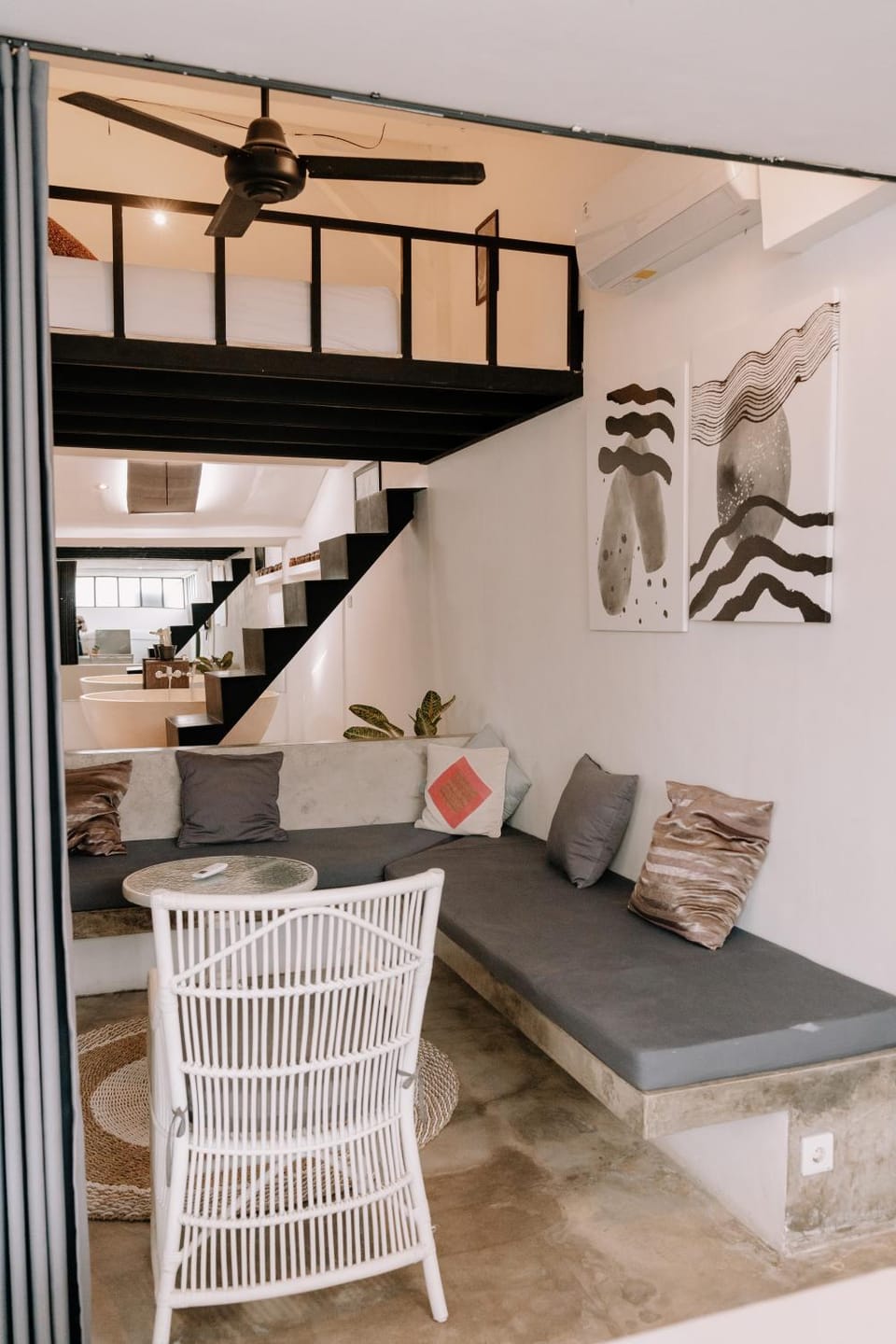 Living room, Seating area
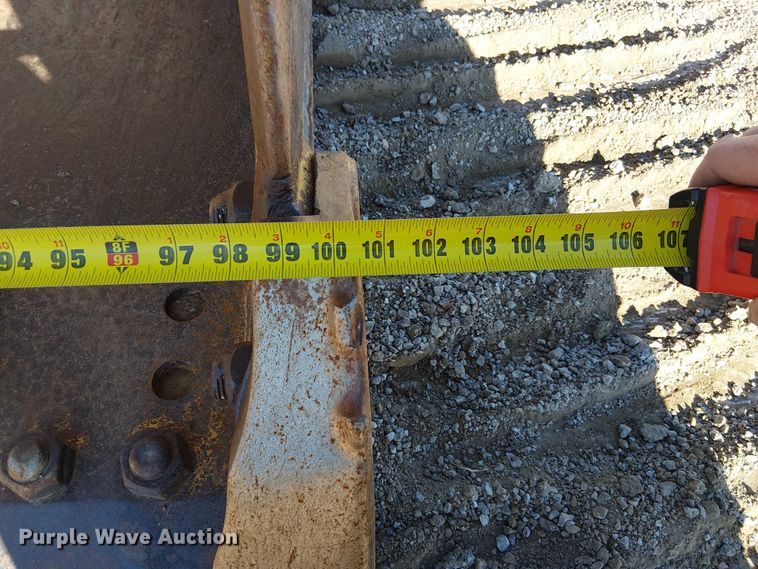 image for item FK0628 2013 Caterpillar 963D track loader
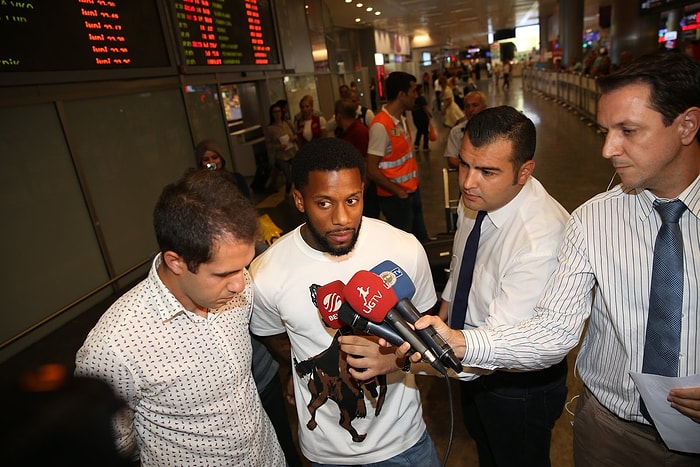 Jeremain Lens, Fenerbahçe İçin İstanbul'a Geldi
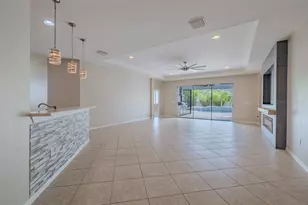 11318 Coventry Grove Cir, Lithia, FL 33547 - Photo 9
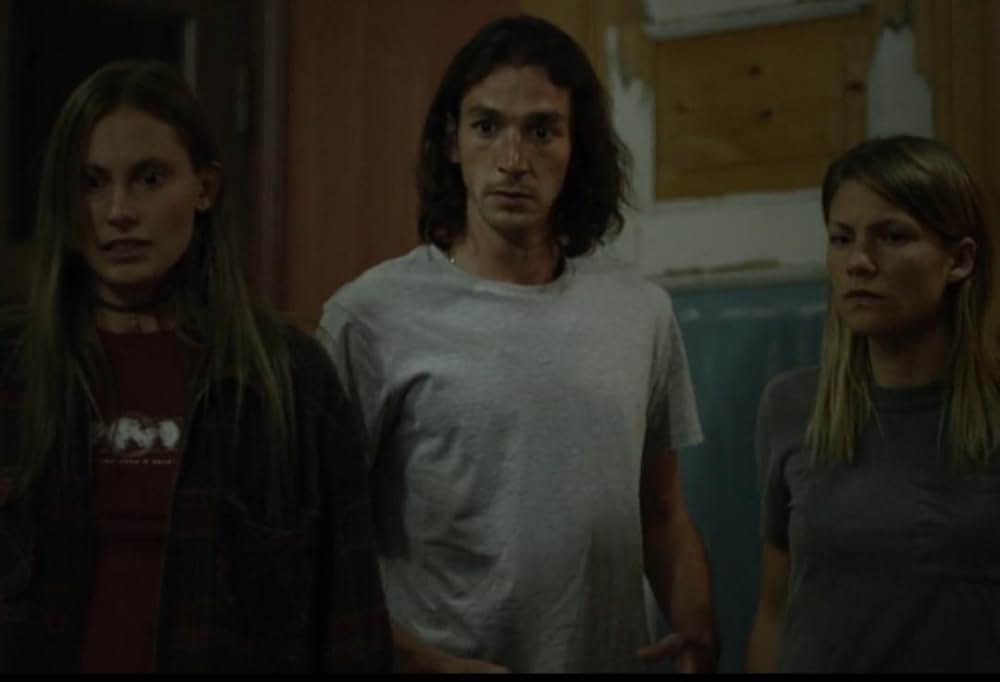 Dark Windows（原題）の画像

* **WHAT THE TASK ASKS**: Repeat every line above exactly, but omit all images.

* **TASK SOLUTION**:
 Living room, Seating area
 image for item FK0628 2013 Caterpillar 963D track loader
 Jeremain Lens, Fenerbahçe İçin İstanbul'a Geldi
 11318 Coventry Grove Cir, Lithia, FL 33547 - Photo 9
 Dark Windows（原題）の画像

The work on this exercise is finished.